These are all questions that address what HRD could do to serve social movements, all of which face such issues. But I contend that such social movements can also serve HRD. I have made earlier calls to the field of HRD that our role is to help “employees learn to learn, learn to reflect and learn to question so that they can meaningfully engage” (Callahan, 2010, p. 321) in making choices about their work. Social movements can help push us out of our happy complacency (Sandlin & Callahan, 2009) in doing our jobs to make us reflect on what we are doing and perhaps to take risks to engage in something unfamiliar.
Thus, not only are social movements relevant to HRD, but they may be important to the future of our practice. We could ask not only what HRD can do for and within social movements but also what social movements can do for HRD. And what other “spaces” can HRD illuminate, and be illuminated by? We might expand our vision to online discussion forums, social networking media like Facebook or Twitter, community groups, informal learning networks, or other similar “spaces” of learning in social collectives.

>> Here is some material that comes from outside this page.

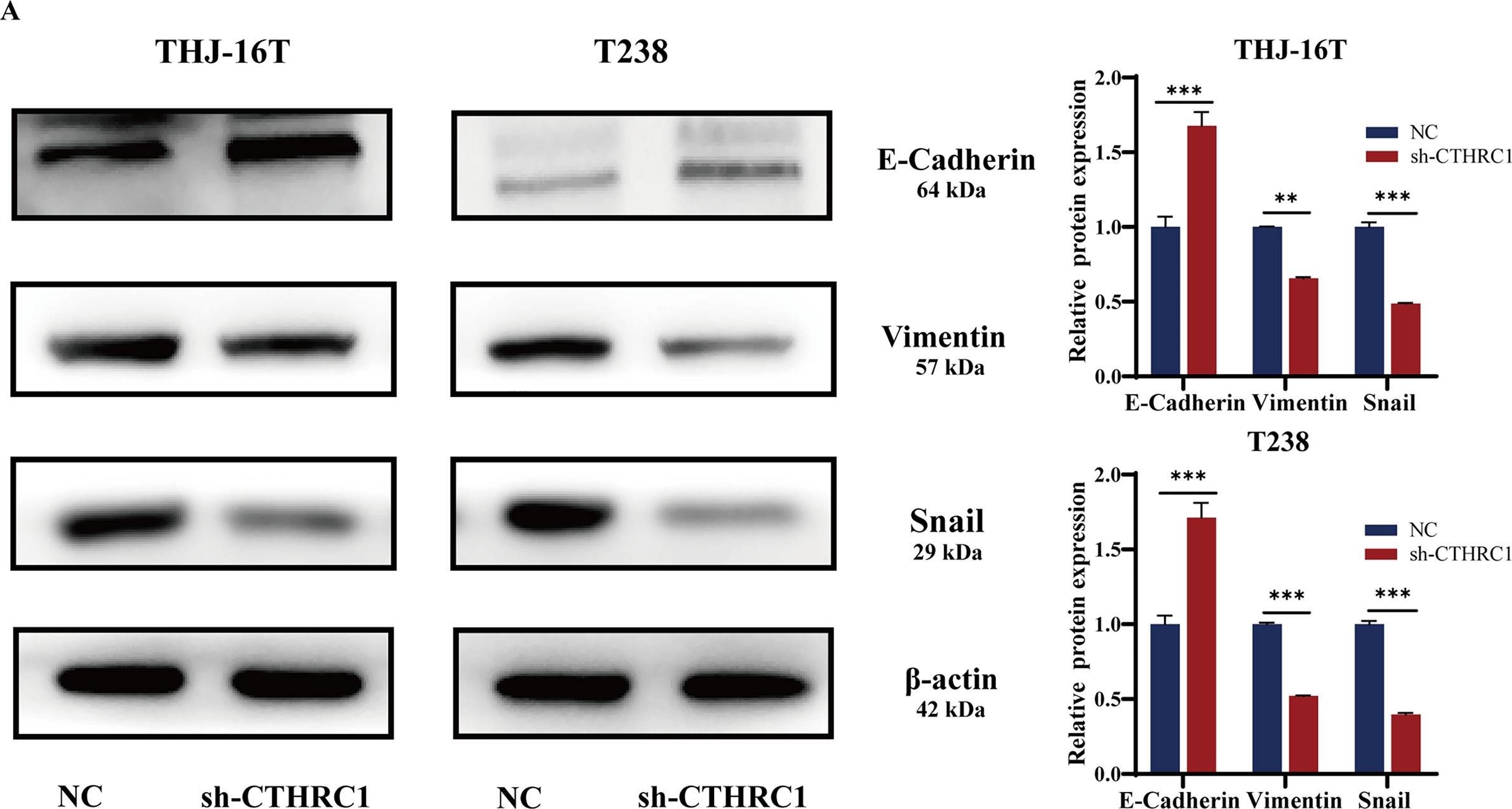 Fig.5.A showing Western Blotting from the publication: CTHRC1 promotes anaplastic thyroid cancer progression by upregulating the proliferation, migration, and invasion of tumor cells.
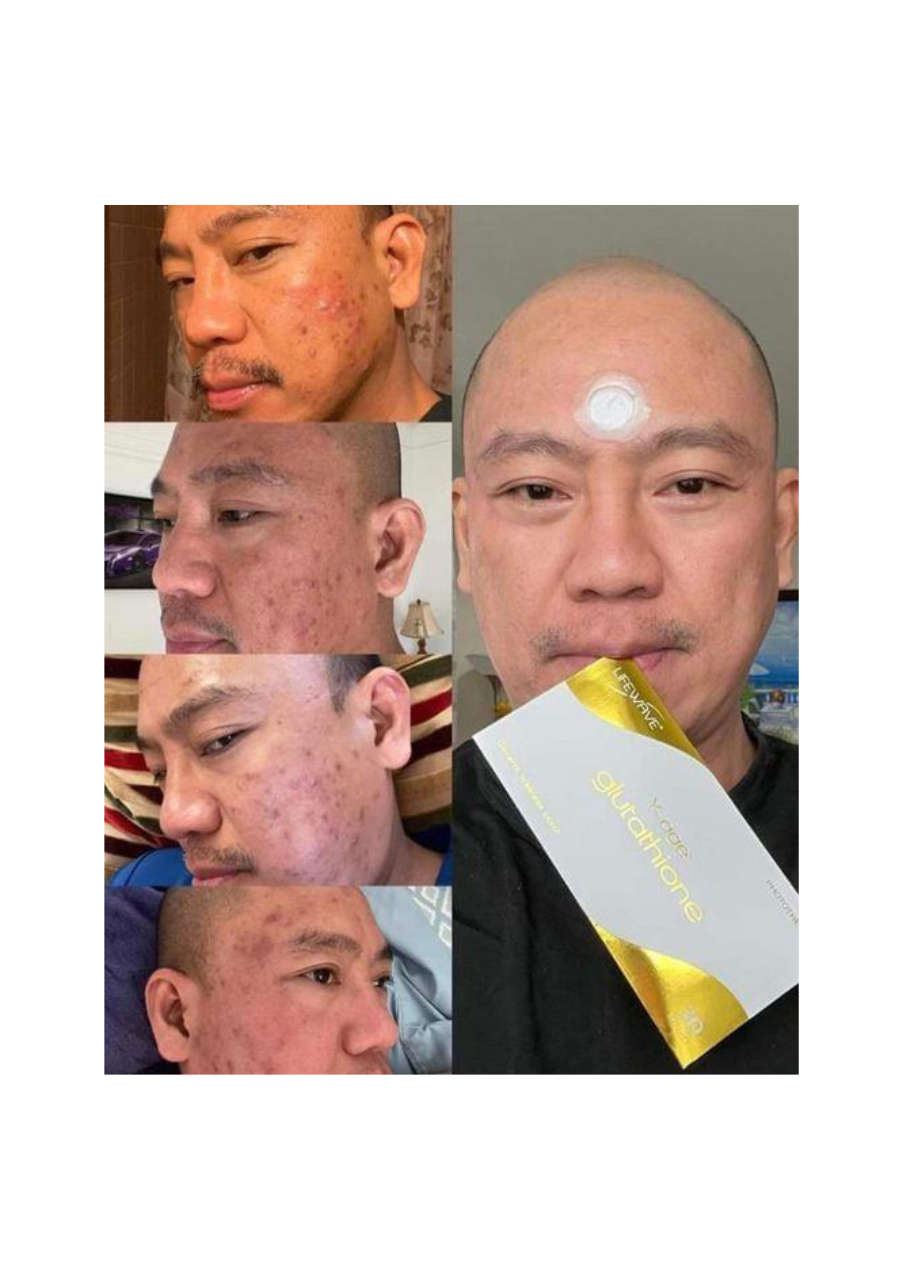 Strona 7 – Fototerapia Ogrody Spa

As the field of HRD is confronted by new forms of organizing, such as the Occupy Wall Street social movement, we are given an opportunity to step out of our comfort zone of what constitutes an “organization.” Reio (2007) contends that, “Instead of being satisfied with what we already know, we strive to know more about what we do not, and according to Dewey, this is the only way we can come to know or learn” (p. 7). I don’t want the field to be satisfied with what we think we “know” is HRD. Let’s take some risks and think creatively about how to see different kinds of social collectives as “spaces” for HRD so we can continue to shape our identity as a field that is relevant to the engagement of learning in “organizations.”